● Task objective
These entries are to be set down again exactly.

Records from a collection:
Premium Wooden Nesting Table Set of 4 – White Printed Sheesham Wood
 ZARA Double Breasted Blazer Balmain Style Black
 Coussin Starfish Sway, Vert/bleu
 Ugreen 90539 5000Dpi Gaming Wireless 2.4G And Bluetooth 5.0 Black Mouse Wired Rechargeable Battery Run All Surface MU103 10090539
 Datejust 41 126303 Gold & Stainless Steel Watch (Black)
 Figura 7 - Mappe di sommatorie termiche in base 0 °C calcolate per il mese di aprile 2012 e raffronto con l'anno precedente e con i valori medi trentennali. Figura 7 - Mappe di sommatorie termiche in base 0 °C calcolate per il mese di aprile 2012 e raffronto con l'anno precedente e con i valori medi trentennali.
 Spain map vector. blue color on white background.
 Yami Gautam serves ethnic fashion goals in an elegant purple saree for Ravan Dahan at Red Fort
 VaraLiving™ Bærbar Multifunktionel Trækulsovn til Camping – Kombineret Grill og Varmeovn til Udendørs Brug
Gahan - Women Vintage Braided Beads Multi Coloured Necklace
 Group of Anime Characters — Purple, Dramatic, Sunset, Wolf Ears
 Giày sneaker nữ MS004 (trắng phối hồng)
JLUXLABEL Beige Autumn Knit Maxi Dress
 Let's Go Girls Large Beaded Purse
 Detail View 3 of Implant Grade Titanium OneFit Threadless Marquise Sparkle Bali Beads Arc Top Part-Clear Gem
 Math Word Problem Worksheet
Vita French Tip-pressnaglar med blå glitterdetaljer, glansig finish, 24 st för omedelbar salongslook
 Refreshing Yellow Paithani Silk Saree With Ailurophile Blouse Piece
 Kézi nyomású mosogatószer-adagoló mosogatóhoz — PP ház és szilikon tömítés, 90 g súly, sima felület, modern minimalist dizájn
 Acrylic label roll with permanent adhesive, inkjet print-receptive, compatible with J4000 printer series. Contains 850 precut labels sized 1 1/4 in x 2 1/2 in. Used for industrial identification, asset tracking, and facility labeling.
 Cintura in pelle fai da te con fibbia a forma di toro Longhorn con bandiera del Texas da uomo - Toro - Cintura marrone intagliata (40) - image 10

● Task answer
Premium Wooden Nesting Table Set of 4 – White Printed Sheesham Wood
 ZARA Double Breasted Blazer Balmain Style Black
 Coussin Starfish Sway, Vert/bleu
 Ugreen 90539 5000Dpi Gaming Wireless 2.4G And Bluetooth 5.0 Black Mouse Wired Rechargeable Battery Run All Surface MU103 10090539
 Datejust 41 126303 Gold & Stainless Steel Watch (Black)
 Figura 7 - Mappe di sommatorie termiche in base 0 °C calcolate per il mese di aprile 2012 e raffronto con l'anno precedente e con i valori medi trentennali. Figura 7 - Mappe di sommatorie termiche in base 0 °C calcolate per il mese di aprile 2012 e raffronto con l'anno precedente e con i valori medi trentennali.
 Spain map vector. blue color on white background.
 Yami Gautam serves ethnic fashion goals in an elegant purple saree for Ravan Dahan at Red Fort
 VaraLiving™ Bærbar Multifunktionel Trækulsovn til Camping – Kombineret Grill og Varmeovn til Udendørs Brug
Gahan - Women Vintage Braided Beads Multi Coloured Necklace
 Group of Anime Characters — Purple, Dramatic, Sunset, Wolf Ears
 Giày sneaker nữ MS004 (trắng phối hồng)
JLUXLABEL Beige Autumn Knit Maxi Dress
 Let's Go Girls Large Beaded Purse
 Detail View 3 of Implant Grade Titanium OneFit Threadless Marquise Sparkle Bali Beads Arc Top Part-Clear Gem
 Math Word Problem Worksheet
Vita French Tip-pressnaglar med blå glitterdetaljer, glansig finish, 24 st för omedelbar salongslook
 Refreshing Yellow Paithani Silk Saree With Ailurophile Blouse Piece
 Kézi nyomású mosogatószer-adagoló mosogatóhoz — PP ház és szilikon tömítés, 90 g súly, sima felület, modern minimalist dizájn
 Acrylic label roll with permanent adhesive, inkjet print-receptive, compatible with J4000 printer series. Contains 850 precut labels sized 1 1/4 in x 2 1/2 in. Used for industrial identification, asset tracking, and facility labeling.
 Cintura in pelle fai da te con fibbia a forma di toro Longhorn con bandiera del Texas da uomo - Toro - Cintura marrone intagliata (40) - image 10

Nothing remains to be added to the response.